And in truth it is actually a mode of operation that is shared by virtually all industries - be it technology, refrigerators, autos, ship-building, road-repairs, etc.
You'd be hard-pressed to find a business that operates profitably without having embraced parallelism in virtually every aspect of their business units (from manufacturing to R&D).
The reason I suspect we encounter a fair number of forum members who don't comprehend this reality is that, and this is just a guess, these folks simply haven't been exposed to or experienced the aspects of life that bring them to realize the reality of today's business.
I'm not making it an age or maturity thing, but they do tend to be correlated.
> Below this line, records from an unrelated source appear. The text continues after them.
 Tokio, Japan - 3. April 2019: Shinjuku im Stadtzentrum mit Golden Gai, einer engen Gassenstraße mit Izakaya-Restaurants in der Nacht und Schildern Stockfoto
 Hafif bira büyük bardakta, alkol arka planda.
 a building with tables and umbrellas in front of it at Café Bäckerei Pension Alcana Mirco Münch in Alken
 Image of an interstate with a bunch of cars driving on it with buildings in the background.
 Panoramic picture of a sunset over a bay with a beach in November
If you don't work as a professional, having lived long enough to accumulate the education and the experience it requires, then you probably haven't been exposed to the realities of how businesses operate in pretty much any industry and as such the preconceptions you have in your mind in terms of how they operate are limited by your life experiences which may be little more than the environment at high school or working the floor at Frys.
The point being that it isn't fair to your fellow forum members to expect them to know things they have no way of knowing about, just as it isn't fair to yourself to expect these things to need go without saying and finding yourself frustrated having to repeat them for each new "generation" of forum members.
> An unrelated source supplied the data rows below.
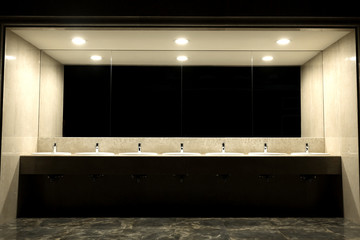 Public toilet and bathroom interior with wash basin..Faucets with of washbasins in public toilet room..Modern sinks with mirror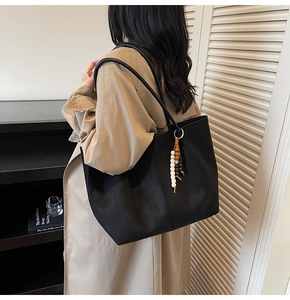 Detail einer schwarzen Shopper-Tasche mit Perlenanhänger, über der Schulter getragen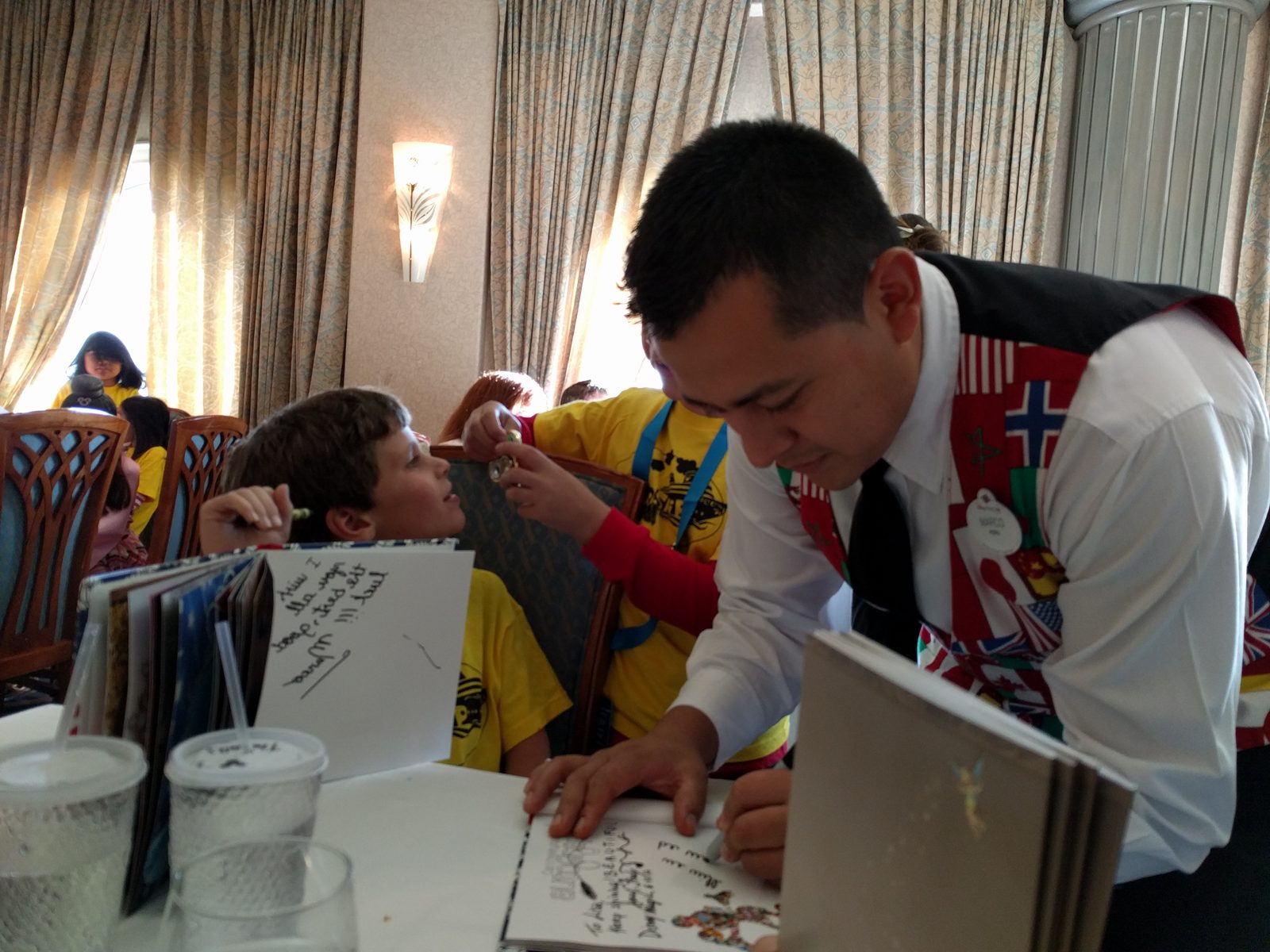 Marco, our server, signs Thomas's autograph book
Think about how often we have the "its econ 101 people, simple supply vs. demand" threads and discussions.
That discussion will happen every year as new members join until the forums no longer exist. So too, I suspect, will the "product development happens in parallel, not serial" discussions. It may be old news, and frequently discussed new, to you but I'd be willing to bet its the first time they've heard of it or spent any time really contemplating it.